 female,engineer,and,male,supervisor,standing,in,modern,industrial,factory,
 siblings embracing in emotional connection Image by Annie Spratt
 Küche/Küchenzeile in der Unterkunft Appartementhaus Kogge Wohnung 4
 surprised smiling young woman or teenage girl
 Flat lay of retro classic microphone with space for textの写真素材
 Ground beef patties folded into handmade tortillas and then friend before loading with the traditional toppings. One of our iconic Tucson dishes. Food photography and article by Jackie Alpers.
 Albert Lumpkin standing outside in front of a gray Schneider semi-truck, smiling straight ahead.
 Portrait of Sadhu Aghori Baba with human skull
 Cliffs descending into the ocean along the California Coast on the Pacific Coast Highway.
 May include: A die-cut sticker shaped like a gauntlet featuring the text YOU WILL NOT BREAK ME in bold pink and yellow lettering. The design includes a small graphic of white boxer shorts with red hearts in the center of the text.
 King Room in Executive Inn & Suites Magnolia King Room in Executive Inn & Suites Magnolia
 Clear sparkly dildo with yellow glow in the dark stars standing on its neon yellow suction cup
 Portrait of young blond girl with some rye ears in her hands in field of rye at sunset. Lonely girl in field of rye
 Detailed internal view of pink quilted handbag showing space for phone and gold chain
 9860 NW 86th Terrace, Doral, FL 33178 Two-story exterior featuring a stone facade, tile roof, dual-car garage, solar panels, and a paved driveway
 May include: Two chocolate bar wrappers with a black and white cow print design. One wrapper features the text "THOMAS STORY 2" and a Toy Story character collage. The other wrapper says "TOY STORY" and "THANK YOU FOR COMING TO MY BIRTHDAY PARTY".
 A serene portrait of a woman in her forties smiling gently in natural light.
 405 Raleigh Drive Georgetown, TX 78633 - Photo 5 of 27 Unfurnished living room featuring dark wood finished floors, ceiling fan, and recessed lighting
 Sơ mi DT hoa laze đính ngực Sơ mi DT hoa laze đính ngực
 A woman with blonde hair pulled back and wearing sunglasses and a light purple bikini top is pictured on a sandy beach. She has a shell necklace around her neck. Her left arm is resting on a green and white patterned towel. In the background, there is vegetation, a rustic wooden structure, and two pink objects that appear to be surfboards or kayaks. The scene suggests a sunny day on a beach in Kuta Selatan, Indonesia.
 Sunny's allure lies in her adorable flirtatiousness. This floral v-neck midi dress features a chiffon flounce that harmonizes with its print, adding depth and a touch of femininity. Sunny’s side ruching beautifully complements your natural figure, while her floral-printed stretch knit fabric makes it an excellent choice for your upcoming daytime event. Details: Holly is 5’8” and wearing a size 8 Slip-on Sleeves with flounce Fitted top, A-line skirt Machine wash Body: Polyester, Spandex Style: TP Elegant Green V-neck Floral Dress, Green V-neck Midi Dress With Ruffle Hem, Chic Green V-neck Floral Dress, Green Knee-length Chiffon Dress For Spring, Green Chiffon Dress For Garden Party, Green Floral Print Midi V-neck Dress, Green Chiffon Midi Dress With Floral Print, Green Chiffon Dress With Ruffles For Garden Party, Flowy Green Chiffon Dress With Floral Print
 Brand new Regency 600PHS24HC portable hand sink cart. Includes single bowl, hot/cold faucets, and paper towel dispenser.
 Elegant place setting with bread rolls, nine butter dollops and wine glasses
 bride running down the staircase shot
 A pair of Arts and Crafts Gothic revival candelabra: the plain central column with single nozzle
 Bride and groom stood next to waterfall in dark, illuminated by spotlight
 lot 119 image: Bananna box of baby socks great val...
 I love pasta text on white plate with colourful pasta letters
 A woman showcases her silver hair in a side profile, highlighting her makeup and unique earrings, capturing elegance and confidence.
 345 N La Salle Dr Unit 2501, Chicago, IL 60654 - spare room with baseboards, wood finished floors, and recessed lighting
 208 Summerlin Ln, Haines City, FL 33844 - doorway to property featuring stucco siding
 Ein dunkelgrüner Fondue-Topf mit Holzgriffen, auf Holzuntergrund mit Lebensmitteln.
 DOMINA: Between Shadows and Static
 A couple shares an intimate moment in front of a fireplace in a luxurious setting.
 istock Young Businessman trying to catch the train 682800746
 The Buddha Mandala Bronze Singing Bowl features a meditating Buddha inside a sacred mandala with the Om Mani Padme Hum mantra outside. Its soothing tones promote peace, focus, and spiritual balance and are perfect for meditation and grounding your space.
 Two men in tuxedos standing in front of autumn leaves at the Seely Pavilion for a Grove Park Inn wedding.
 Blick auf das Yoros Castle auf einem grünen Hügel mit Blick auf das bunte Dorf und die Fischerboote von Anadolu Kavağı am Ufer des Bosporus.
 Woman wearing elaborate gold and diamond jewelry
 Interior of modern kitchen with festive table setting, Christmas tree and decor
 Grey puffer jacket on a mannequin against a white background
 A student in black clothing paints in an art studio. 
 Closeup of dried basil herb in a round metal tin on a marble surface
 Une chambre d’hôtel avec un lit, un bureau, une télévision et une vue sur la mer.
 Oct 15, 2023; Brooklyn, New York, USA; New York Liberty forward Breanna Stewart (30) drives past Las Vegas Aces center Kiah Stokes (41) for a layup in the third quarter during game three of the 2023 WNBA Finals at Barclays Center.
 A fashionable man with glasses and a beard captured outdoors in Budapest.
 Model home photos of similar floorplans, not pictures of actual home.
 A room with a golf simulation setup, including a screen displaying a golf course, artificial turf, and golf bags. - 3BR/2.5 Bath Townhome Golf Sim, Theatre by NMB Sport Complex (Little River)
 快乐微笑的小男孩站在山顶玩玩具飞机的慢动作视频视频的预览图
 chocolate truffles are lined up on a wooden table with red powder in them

- - -

EXERCISE OBJECTIVE >> Copy the entire listing above, line for line, exactly.

REPLY TO THE TASK >>
 female,engineer,and,male,supervisor,standing,in,modern,industrial,factory,
 siblings embracing in emotional connection Image by Annie Spratt
 Küche/Küchenzeile in der Unterkunft Appartementhaus Kogge Wohnung 4
 surprised smiling young woman or teenage girl
 Flat lay of retro classic microphone with space for textの写真素材
 Ground beef patties folded into handmade tortillas and then friend before loading with the traditional toppings. One of our iconic Tucson dishes. Food photography and article by Jackie Alpers.
 Albert Lumpkin standing outside in front of a gray Schneider semi-truck, smiling straight ahead.
 Portrait of Sadhu Aghori Baba with human skull
 Cliffs descending into the ocean along the California Coast on the Pacific Coast Highway.
 May include: A die-cut sticker shaped like a gauntlet featuring the text YOU WILL NOT BREAK ME in bold pink and yellow lettering. The design includes a small graphic of white boxer shorts with red hearts in the center of the text.
 King Room in Executive Inn & Suites Magnolia King Room in Executive Inn & Suites Magnolia
 Clear sparkly dildo with yellow glow in the dark stars standing on its neon yellow suction cup
 Portrait of young blond girl with some rye ears in her hands in field of rye at sunset. Lonely girl in field of rye
 Detailed internal view of pink quilted handbag showing space for phone and gold chain
 9860 NW 86th Terrace, Doral, FL 33178 Two-story exterior featuring a stone facade, tile roof, dual-car garage, solar panels, and a paved driveway
 May include: Two chocolate bar wrappers with a black and white cow print design. One wrapper features the text "THOMAS STORY 2" and a Toy Story character collage. The other wrapper says "TOY STORY" and "THANK YOU FOR COMING TO MY BIRTHDAY PARTY".
 A serene portrait of a woman in her forties smiling gently in natural light.
 405 Raleigh Drive Georgetown, TX 78633 - Photo 5 of 27 Unfurnished living room featuring dark wood finished floors, ceiling fan, and recessed lighting
 Sơ mi DT hoa laze đính ngực Sơ mi DT hoa laze đính ngực
 A woman with blonde hair pulled back and wearing sunglasses and a light purple bikini top is pictured on a sandy beach. She has a shell necklace around her neck. Her left arm is resting on a green and white patterned towel. In the background, there is vegetation, a rustic wooden structure, and two pink objects that appear to be surfboards or kayaks. The scene suggests a sunny day on a beach in Kuta Selatan, Indonesia.
 Sunny's allure lies in her adorable flirtatiousness. This floral v-neck midi dress features a chiffon flounce that harmonizes with its print, adding depth and a touch of femininity. Sunny’s side ruching beautifully complements your natural figure, while her floral-printed stretch knit fabric makes it an excellent choice for your upcoming daytime event. Details: Holly is 5’8” and wearing a size 8 Slip-on Sleeves with flounce Fitted top, A-line skirt Machine wash Body: Polyester, Spandex Style: TP Elegant Green V-neck Floral Dress, Green V-neck Midi Dress With Ruffle Hem, Chic Green V-neck Floral Dress, Green Knee-length Chiffon Dress For Spring, Green Chiffon Dress For Garden Party, Green Floral Print Midi V-neck Dress, Green Chiffon Midi Dress With Floral Print, Green Chiffon Dress With Ruffles For Garden Party, Flowy Green Chiffon Dress With Floral Print
 Brand new Regency 600PHS24HC portable hand sink cart. Includes single bowl, hot/cold faucets, and paper towel dispenser.
 Elegant place setting with bread rolls, nine butter dollops and wine glasses
 bride running down the staircase shot
 A pair of Arts and Crafts Gothic revival candelabra: the plain central column with single nozzle
 Bride and groom stood next to waterfall in dark, illuminated by spotlight
 lot 119 image: Bananna box of baby socks great val...
 I love pasta text on white plate with colourful pasta letters
 A woman showcases her silver hair in a side profile, highlighting her makeup and unique earrings, capturing elegance and confidence.
 345 N La Salle Dr Unit 2501, Chicago, IL 60654 - spare room with baseboards, wood finished floors, and recessed lighting
 208 Summerlin Ln, Haines City, FL 33844 - doorway to property featuring stucco siding
 Ein dunkelgrüner Fondue-Topf mit Holzgriffen, auf Holzuntergrund mit Lebensmitteln.
 DOMINA: Between Shadows and Static
 A couple shares an intimate moment in front of a fireplace in a luxurious setting.
 istock Young Businessman trying to catch the train 682800746
 The Buddha Mandala Bronze Singing Bowl features a meditating Buddha inside a sacred mandala with the Om Mani Padme Hum mantra outside. Its soothing tones promote peace, focus, and spiritual balance and are perfect for meditation and grounding your space.
 Two men in tuxedos standing in front of autumn leaves at the Seely Pavilion for a Grove Park Inn wedding.
 Blick auf das Yoros Castle auf einem grünen Hügel mit Blick auf das bunte Dorf und die Fischerboote von Anadolu Kavağı am Ufer des Bosporus.
 Woman wearing elaborate gold and diamond jewelry
 Interior of modern kitchen with festive table setting, Christmas tree and decor
 Grey puffer jacket on a mannequin against a white background
 A student in black clothing paints in an art studio. 
 Closeup of dried basil herb in a round metal tin on a marble surface
 Une chambre d’hôtel avec un lit, un bureau, une télévision et une vue sur la mer.
 Oct 15, 2023; Brooklyn, New York, USA; New York Liberty forward Breanna Stewart (30) drives past Las Vegas Aces center Kiah Stokes (41) for a layup in the third quarter during game three of the 2023 WNBA Finals at Barclays Center.
 A fashionable man with glasses and a beard captured outdoors in Budapest.
 Model home photos of similar floorplans, not pictures of actual home.
 A room with a golf simulation setup, including a screen displaying a golf course, artificial turf, and golf bags. - 3BR/2.5 Bath Townhome Golf Sim, Theatre by NMB Sport Complex (Little River)
 快乐微笑的小男孩站在山顶玩玩具飞机的慢动作视频视频的预览图
 chocolate truffles are lined up on a wooden table with red powder in them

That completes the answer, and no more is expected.